Notwithstanding the success-to-date, the USPTO is pro-actively looking for ways to enhance its operations for the benefit of its stakeholders and therefore is interested in exploring alternative approaches that might improve its efficiency in handling AIA post grant proceedings while being fair to both sides and continuing to provide high quality decisions. Based upon comments received from the public through public fora and formal requests, the agency is considering a pilot program to test changing how the institution phase of a post grant proceeding is handled.

Once trial is instituted, the AIA mandates that the resulting trial be conducted before a three-member panel of the PTAB. Generally, under current practice, the same panel of three administrative patent judges (APJs) decides whether to institute and, if instituted, handles the remainder of the proceeding, much like how federal district court judges handle cases through motions to dismiss, summary Start Printed Page 51541judgment, and trial. But a three-judge panel of the PTAB is not required under the statute prior to institution, and the USPTO believes it is prudent to explore other potentially more efficient options, especially given that the number of petitions filed may continue to increase.

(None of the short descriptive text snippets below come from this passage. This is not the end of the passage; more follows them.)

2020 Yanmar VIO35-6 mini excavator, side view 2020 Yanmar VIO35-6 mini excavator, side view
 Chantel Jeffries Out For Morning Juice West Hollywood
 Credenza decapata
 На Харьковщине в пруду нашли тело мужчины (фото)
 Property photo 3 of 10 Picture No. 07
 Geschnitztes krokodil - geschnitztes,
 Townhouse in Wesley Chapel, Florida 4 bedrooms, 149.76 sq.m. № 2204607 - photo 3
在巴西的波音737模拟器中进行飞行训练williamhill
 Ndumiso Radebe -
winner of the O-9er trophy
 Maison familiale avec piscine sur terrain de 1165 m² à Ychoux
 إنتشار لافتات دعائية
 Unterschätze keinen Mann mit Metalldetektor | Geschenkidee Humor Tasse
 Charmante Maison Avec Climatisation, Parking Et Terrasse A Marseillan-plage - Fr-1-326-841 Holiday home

To date and currently, the agency has intended to meet the resource demands on the PTAB due to both AIA post grant proceedings and ex parte appeals by hiring additional judges. Even with continued hiring, however, increases in filings and the growing number of cases may strain the PTAB's continuing ability to make timely decisions and meet statutory deadlines. Therefore, the agency wishes to explore and gain data on a potentially more efficient alternative to the current three-judge institution model. Having a single judge decide whether to institute trial in a post grant proceeding, instead of a panel of three judges, would allow more judges to be available to attend to other matters, such as reducing the ex parte appeal backlog and handling more post grant proceedings.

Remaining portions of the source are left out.